START RECORDS PROVIDED

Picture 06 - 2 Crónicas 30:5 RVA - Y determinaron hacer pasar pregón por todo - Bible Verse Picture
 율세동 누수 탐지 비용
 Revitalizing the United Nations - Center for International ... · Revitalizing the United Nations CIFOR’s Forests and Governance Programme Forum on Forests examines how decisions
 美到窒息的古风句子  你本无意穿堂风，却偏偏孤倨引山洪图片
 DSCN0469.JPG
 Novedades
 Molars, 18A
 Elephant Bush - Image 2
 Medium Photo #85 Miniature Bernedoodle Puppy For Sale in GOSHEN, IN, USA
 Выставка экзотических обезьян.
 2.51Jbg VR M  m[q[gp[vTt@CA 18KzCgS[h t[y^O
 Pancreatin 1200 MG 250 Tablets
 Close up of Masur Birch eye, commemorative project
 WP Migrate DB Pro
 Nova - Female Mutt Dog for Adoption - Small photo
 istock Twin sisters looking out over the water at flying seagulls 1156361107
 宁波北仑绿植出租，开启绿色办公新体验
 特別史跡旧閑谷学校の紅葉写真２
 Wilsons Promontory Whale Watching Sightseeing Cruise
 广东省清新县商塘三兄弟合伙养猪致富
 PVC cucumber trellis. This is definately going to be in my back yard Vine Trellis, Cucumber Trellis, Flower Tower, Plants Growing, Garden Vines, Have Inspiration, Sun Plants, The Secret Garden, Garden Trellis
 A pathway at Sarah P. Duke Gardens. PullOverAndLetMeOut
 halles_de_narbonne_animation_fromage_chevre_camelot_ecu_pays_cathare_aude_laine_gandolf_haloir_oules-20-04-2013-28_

END RECORDS PROVIDED

• INSTRUCTIONS TO FOLLOW
Produce an exact copy of all the records.

• SOLUTION
Picture 06 - 2 Crónicas 30:5 RVA - Y determinaron hacer pasar pregón por todo - Bible Verse Picture
 율세동 누수 탐지 비용
 Revitalizing the United Nations - Center for International ... · Revitalizing the United Nations CIFOR’s Forests and Governance Programme Forum on Forests examines how decisions
 美到窒息的古风句子  你本无意穿堂风，却偏偏孤倨引山洪图片
 DSCN0469.JPG
 Novedades
 Molars, 18A
 Elephant Bush - Image 2
 Medium Photo #85 Miniature Bernedoodle Puppy For Sale in GOSHEN, IN, USA
 Выставка экзотических обезьян.
 2.51Jbg VR M  m[q[gp[vTt@CA 18KzCgS[h t[y^O
 Pancreatin 1200 MG 250 Tablets
 Close up of Masur Birch eye, commemorative project
 WP Migrate DB Pro
 Nova - Female Mutt Dog for Adoption - Small photo
 istock Twin sisters looking out over the water at flying seagulls 1156361107
 宁波北仑绿植出租，开启绿色办公新体验
 特別史跡旧閑谷学校の紅葉写真２
 Wilsons Promontory Whale Watching Sightseeing Cruise
 广东省清新县商塘三兄弟合伙养猪致富
 PVC cucumber trellis. This is definately going to be in my back yard Vine Trellis, Cucumber Trellis, Flower Tower, Plants Growing, Garden Vines, Have Inspiration, Sun Plants, The Secret Garden, Garden Trellis
 A pathway at Sarah P. Duke Gardens. PullOverAndLetMeOut
 halles_de_narbonne_animation_fromage_chevre_camelot_ecu_pays_cathare_aude_laine_gandolf_haloir_oules-20-04-2013-28_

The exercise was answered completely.